Pourquoi nous trouvons un sens aux coïncidences Entretien avec Nicolas Gauvrit

Rencontrer quelqu’un qui a la même date d’anniversaire que nous, faire 
un rêve prémonitoire... Certaines coïncidences semblent porteuses d’un sens caché, ou révélatrices de lois mystérieuses. Hélas, une approche statistique désenchante ces prodiges...

Dans votre ouvrage, Certaines coïncidences paraissent si stupéfiantes qu’on refuse de les imputer au hasard, et qu’on leur cherche une signification. Mais selon vous, il s’agit d’un manque de perception du contexte…

Nous avons une vision locale, à la fois dans le temps et dans l’espace. Avec un regard global, les coïncidences ne sont pas si étonnantes. Et puis surtout, on ne se pose pas d’emblée les bonnes questions. Prenons le paradoxe des anniversaires : parmi 25 personnes, quelle est la probabilité pour que deux aient la même date d’anniversaire ? Pour y répondre, on est tenté d’utiliser une heuristique, un raisonnement simplifié, pour se demander quelle est la probabilité pour que, parmi 25 personnes, une autre ait la même date d’anniversaire que nous.

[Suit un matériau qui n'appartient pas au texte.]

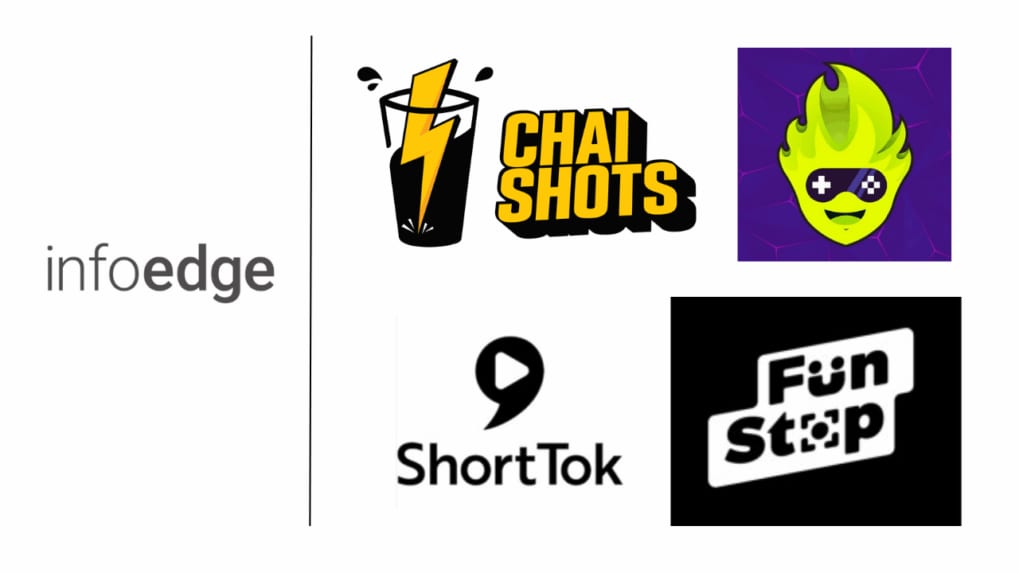 Info Edge expands media-tech portfolio with bets on Chai Shots, Fanclash, Funstop Games and others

Le résultat est assez faible, puisqu’on réduit le problème à une seule date possible, notre date de naissance. La probabilité pour qu’une personne parmi 24 ait la même date de naissance que moi n’est que de 6,3 %. En revanche, il y a une chance sur deux pour que deux anniversaires coïncident parmi 25 personnes. Mais ce n’est pas du tout la même question.

Vous citez aussi l’exemple d’une femme, Violet Jessop, qui a survécu à 3 naufrages, dont celui du Titanic. Cela paraît extraordinaire, et en fin de compte pas du tout.

Le problème vient du fait qu’on manque d’informations, et qu’on remplit les trous avec des éléments par défaut qui paraissent probables et sous-entendus. Quand on apprend sans autre précision qu’une personne a survécu au naufrage du Titanic et à deux autres naufrages, on imagine que ceux-ci sont comparables à celui du Titanic, ce qui n’est pas du tout le cas, puisque l’un d’eux a fait peu de victimes, et l’autre pas du tout. De plus, on pense que Violet Jessop n’a rien de particulier. Alors qu’elle travaillait pour la compagnie de ces trois navires.

Vous dites aussi qu’en décryptant les événements du 11  septembre, on peut trouver beaucoup de 11, d’où la tentation d’y voir un complot ou un signe du destin. Mais, pour vous, il n’y a rien d’extraordinaire là-dedans…

C’est valable pour toute la numérologie et les nombres fétiches. On trouve aussi des centaines de 19 dans le Coran, de 7 dans la Bible, ou en tout cas leurs multiples, ce qui n’est guère étonnant statistiquement.